(imagem obtida aqui)
Este o título do que escreveu João César das Neves, aqui há tempos, no DN:
Casa onde
não há pão, todos ralham e ninguém tem razão." Vendo o que se diz sobre a
crise nota-se enorme falta de lógica e coerência. Isto é normal em tempos
assim. Aliás o estranho e precioso em Portugal é que, por enquanto, as
discussões, apesar de vociferantes, são pacíficas e a economia vai ajustando.
Mas a paz e os progressos não impedem os disparates.
Para
compreender os erros comecemos numa das poucas afirmações consensuais: o ensino
obrigatório deve ser gratuito. Uma pseudo-ameaça a este princípio suscitou há
pouco os maiores sobressaltos. Mas logo a seguir ouvimos os protestos das
escolas e dos professores contra a redução dos seus gastos. Afinal a educação
gratuita fica muito cara. Quem a paga então?
Dizer que
deve ser o Estado é tolice, pois todo o dinheiro que ele gasta sai do nosso
bolso. Só que os mesmos que querem educação gratuita e manutenção dos gastos
das escolas também protestam contra a subida dos impostos. Assim se completa a
incongruência. Como as coisas gratuitas e caras não se limitam à educação, a
coisa fica mesmo grave. Pensões e apoios, polícia e tribunais, saúde e energia,
embaixadas e militares, estradas e esgotos, entre tantos outros, constituem
pesadíssimos encargos. E falar de pagamentos dos utentes, das portagens às
taxas moderadoras, implica sempre novos protestos ruidosos. Podem ser
compreensíveis, mas não são coerentes, violando as leis da aritmética.
Muitos
julgam escapar à falácia apelando a mitos.

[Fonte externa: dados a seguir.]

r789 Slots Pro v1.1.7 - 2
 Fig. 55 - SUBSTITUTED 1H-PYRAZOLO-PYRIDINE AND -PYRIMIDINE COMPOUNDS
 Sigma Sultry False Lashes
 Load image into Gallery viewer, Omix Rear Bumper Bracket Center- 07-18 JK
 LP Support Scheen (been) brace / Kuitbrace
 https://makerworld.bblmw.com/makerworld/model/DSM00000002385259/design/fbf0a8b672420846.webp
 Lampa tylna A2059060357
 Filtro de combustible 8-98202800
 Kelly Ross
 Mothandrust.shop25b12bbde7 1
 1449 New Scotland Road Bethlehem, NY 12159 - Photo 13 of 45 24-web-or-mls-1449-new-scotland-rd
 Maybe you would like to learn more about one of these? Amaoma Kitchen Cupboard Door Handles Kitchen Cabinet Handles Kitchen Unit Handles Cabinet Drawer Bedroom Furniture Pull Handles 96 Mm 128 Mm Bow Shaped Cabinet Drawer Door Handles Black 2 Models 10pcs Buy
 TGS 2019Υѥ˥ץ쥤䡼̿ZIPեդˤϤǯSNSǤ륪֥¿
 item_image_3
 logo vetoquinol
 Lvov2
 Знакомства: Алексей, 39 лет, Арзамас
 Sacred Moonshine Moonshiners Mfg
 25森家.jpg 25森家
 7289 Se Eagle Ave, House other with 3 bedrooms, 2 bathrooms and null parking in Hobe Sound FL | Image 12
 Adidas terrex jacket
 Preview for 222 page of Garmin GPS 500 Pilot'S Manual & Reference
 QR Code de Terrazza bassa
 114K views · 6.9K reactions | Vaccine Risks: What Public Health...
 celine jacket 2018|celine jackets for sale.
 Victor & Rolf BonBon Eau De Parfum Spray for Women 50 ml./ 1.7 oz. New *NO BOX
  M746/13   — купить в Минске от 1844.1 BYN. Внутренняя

Um dos mais populares, que o Governo
também divulga, é cortar as "gorduras" do Estado. Os opositores usam
uma variante da mesma ideia, falando de carros e gabinetes ministeriais, erros
e corrupções administrativos. É verdade que existem muitos desperdícios,
vícios, exageros e entorses na máquina pública. Mas um problema deste tamanho
não se soluciona só com dieta. É precisa cirurgia estrutural. Devemos manter o
essencial, na educação, saúde, estado social, etc., mas a aritmética exige que
tudo seja alinhado com os impostos que podemos suportar. Recusar a mudança é
perigosa ilusão.
Outro
mito comum é achar que os ricos pagam a crise. Claro que quem mais tem mais
deve pagar. Só que, não só não temos ricos suficientes, mas se abusarmos desse
expediente quem beneficia é a Espanha e Inglaterra, para onde irão os nossos
ricos, aumentando a nossa miséria. Também as empresas não podem ser
sobrecarregadas de tributação se quisermos criar emprego e crescimento. Mais
uma vez a lógica impõe-se. A verdade é que só cá estamos nós, e querer serviços
gratuitos, despesas altas e impostos baixos não é possível. A não ser que
alguém nos empreste.
Esta
última ilusão é aquela que hoje nos custa couro e cabelo. A crise resultou
directamente da acumulação de quinze anos de dívida externa. Aqui surge uma
outra incongruência, quando descarregamos os nervos, não sobre os culpados, mas
precisamente naqueles que nos querem ajudar.
É bom
lembrar que Passos Coelho e Vítor Gaspar não geraram a doença, mas tentam
curá-la. O mesmo se diga da troika. Só conseguimos o nível de vida dos últimos
anos porque os alemães e outros europeus nos emprestaram as suas economias. A
dívida externa bruta do País, incluindo Estado e privados, atingiu 386 mil
milhões de euros em Junho. É isto a crise. Os credores não querem que saldemos
essa dívida, mas apenas que demos garantias de conseguir ir pagando os juros.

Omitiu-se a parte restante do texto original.